The current selection for the online foodie book club, Cook the Books, is
The Feast Nearby: How I Lost my Job, Buried a Marriage, and Found My Way
by Keeping Chickens, Foraging, Preserving, Bartering, and Eating
Locally (All on Forty Dollars a Week), by Robin Mather, Berkeley, CA:
Ten Speed Press, 2011.
Cook the Book host Debra of Eliot's Eats selected this collection of essays which relates how the author kept calm and carried on -beautifully- after an earthquake shift in her life. In one week her longtime husband announced that he wanted a divorce and she was laid off by the newspaper where she was a veteran food journalist.
The book is stuffed with good information on raising chickens,
bartering (she swapped homegrown vegetables from her neighbor for a snug, handknit hat), grocery shopping
locally, preserving and canning, roasting and grinding your own coffee. I learned a lot and enjoyed her down-to-earth writing and recipes. There's a lot of richness in living and eating cheaply, seasonally and well.
Each essay has a recipe finale. There are great frugal recipes featuring lots of variations of rice and beans. Some are simple standards, but others are unusual and tempting, like Mujadara
(rice and lentils perfumed with cumin and parsley), Oxtail Stew,
and Fassoulia (green beans stewed with lamb shanks and tomatoes).
Mather is a Michigander and relates one chapter about using the local bounty of cherries. I had never experimented with dried cherries before and they were really tasty. They are a bit expensive, like most dried fruit other than raisins, and I had to hide them away from the old man (and myself) after too much errant grazing so I would have enough for Mather's recipe for Peppery Cherry Spoon Bread. You can find a copy of that recipe at this link, which also contains an interview with Mather.
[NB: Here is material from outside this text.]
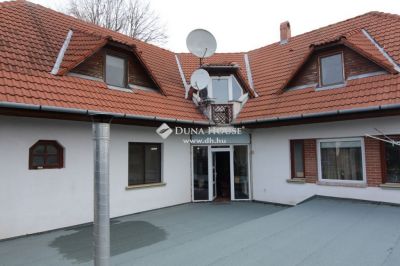 Eladó családi ház Kecskemét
I am not a huge fan of Spoon Bread, as I find it a bit too moist and this version was sort of the same as my past experience, so I think next time I would just make up the recipe as a cheesy, dried cherry-studded polenta and forget the final step of mixing in the beaten eggs and baking it.
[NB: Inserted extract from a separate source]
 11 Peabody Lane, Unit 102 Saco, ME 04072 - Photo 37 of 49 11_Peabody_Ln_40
But this side dish was very happy on our dinner plate snuggling up next to some sauteed mixed veggies, baked fish and some yellow rice.
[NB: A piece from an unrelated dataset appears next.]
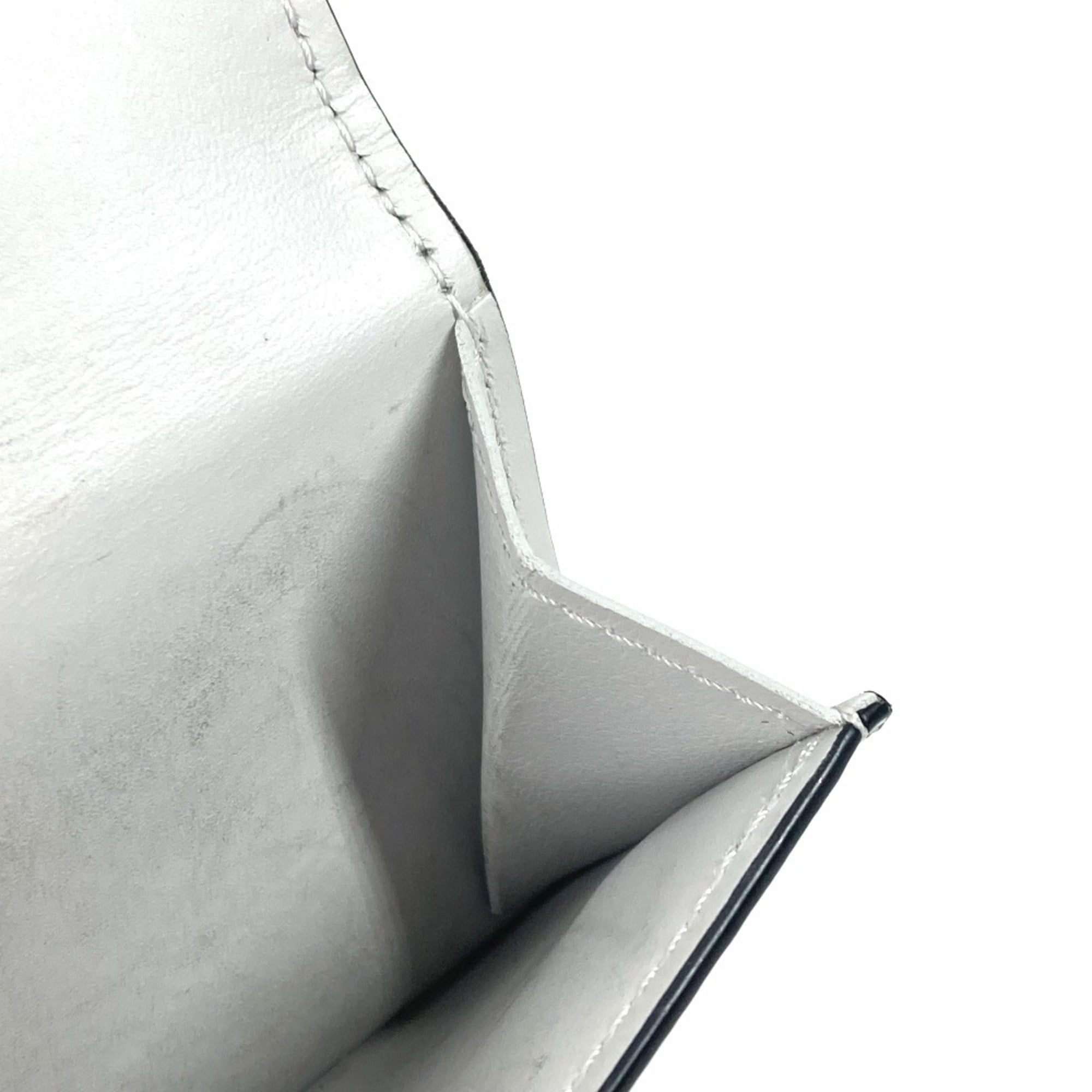 Louis Vuitton White Taiga Leather Monogram Wallet (Tri-Fold) (Pre-Owned)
Next up for our book club is this sweet read: Sarah-Kate Lynch's "The Wedding Bees". Submissions are due August 3, 2015. Anyone can join in the fun. All you need to do is read the book, cook up something inspired by your reading and blog it up.
7 comments:
When I first saw your link in the email, I was so hoping you were actually drying cherries! But, this will undoubtedly do, Rachel. I like your idea about the polenta!
I'm not playing this round because I refuse to endorse this fad for ridiculously long book subtitles. But I like dried cherries!
Those of us who live in Michigan use dried cherries in almost any recipe in which people from other States use raisins. I like your idea of changing the recipe to polenta.
I make an indian corn pudding which is a little like spoon bread. Had never thought about adding the dried cherries -- will have to try
I don't know that I've ever made spoon bread, but would like to try it with the dried cherries.
Looks delicious! I'd never heard of spoon bread before!
If if makes you feel better, dried cherries have a tendency to disappear before being used in my kitchen as well. They are so good.